This is a the second of a two part piece that focuses on three aspects of gentrification in San Jose: transportation, language, and trauma.
Three Saturday’s ago, my partner and I were driving up Berryessa toward the east foothills. A two-year stint in San Diego has made the veil of grey smog that now envelops the hills particularly noticeable. Collateral damage from the tech industry and its many, daily driving commuters. As we passed Penitencia Creek Park I was momentarily distracted by a pair of bright blue tents at the entrance of the park. A cluster of folks huddled under the shade, all wearing the same blue-colored lanyard. The parking lot was mostly empty save for a less than a handful of cars and some scattered Bird scooters. As we got closer, I saw that the tents were next to a set of large, white and blue inflatable letters. Puffed up and facing the street, they spelled out #ActivateSJ.
Many current city and non-profit marketing materials are littered with the slogans like “activating place”, “innovating place”, and “placemaking”. This language is an intentional attempt to sugarcoat development projects. It is a way to reposition tech expansion and its consequences as both harmless, and ultimately benign, if not beneficial. It is code for gentrification. San Jose does not need “activation.” This term implies that San Jose is somehow inactive.
The process of “activation” is the process of gentrification.
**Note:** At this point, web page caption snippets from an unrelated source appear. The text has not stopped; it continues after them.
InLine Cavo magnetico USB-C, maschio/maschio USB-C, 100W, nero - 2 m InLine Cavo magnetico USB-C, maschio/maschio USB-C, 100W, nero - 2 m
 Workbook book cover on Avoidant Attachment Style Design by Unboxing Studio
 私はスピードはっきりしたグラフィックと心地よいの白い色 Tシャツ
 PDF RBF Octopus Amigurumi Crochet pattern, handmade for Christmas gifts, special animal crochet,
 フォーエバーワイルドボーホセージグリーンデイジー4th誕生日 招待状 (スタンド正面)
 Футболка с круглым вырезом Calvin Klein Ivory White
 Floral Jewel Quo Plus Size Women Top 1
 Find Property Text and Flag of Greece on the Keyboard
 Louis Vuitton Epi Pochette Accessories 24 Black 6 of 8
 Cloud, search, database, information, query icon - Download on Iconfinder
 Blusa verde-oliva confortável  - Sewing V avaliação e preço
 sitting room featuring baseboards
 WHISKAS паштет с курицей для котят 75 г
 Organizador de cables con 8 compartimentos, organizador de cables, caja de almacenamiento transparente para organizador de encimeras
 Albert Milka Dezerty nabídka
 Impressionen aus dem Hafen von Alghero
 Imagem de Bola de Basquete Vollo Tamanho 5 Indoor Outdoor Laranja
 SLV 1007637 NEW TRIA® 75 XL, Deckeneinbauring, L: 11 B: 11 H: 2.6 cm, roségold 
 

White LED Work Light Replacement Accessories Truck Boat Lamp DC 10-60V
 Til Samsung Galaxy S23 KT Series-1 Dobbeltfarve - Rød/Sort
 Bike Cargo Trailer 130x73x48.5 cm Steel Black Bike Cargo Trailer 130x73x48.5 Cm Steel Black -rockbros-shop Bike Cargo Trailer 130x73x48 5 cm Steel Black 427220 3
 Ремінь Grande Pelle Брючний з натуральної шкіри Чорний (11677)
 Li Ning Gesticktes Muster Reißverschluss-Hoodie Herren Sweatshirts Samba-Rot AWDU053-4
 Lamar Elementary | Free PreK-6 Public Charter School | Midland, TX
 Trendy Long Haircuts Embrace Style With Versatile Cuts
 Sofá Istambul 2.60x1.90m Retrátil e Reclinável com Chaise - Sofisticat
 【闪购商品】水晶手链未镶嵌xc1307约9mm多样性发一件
“Activating place” is about reshaping an area in a way that makes it more attractive to outsiders with money, access to leisure time, and deeply classed interests and lifestyles. There are non-profits, community leaders, and folks in these neighborhoods in support of these changes – but that doesn’t somehow not make them gentrification. Gentrification doesn’t just require newcomers with money, it needs foot soldiers on the “inside” too. Because gentrification does not function with gentrifiers (outsiders) and community members (insiders) at complete odds with one another, folks within “the community” (non-profits, local government officials, arts and culture workers, etc.) can (and do) support and head development efforts that contribute to, and exacerbate, gentrification. Even those who are at risk for displacement will support projects that will result in their displacement, in part, because the language of gentrification is enveloped in apolitical, appealing, and community-friendly terminology. It’s hard to say no to bike lanes, closer bus stops, and once-a-month street markets in your neighborhood, but it’s important to ask: why now?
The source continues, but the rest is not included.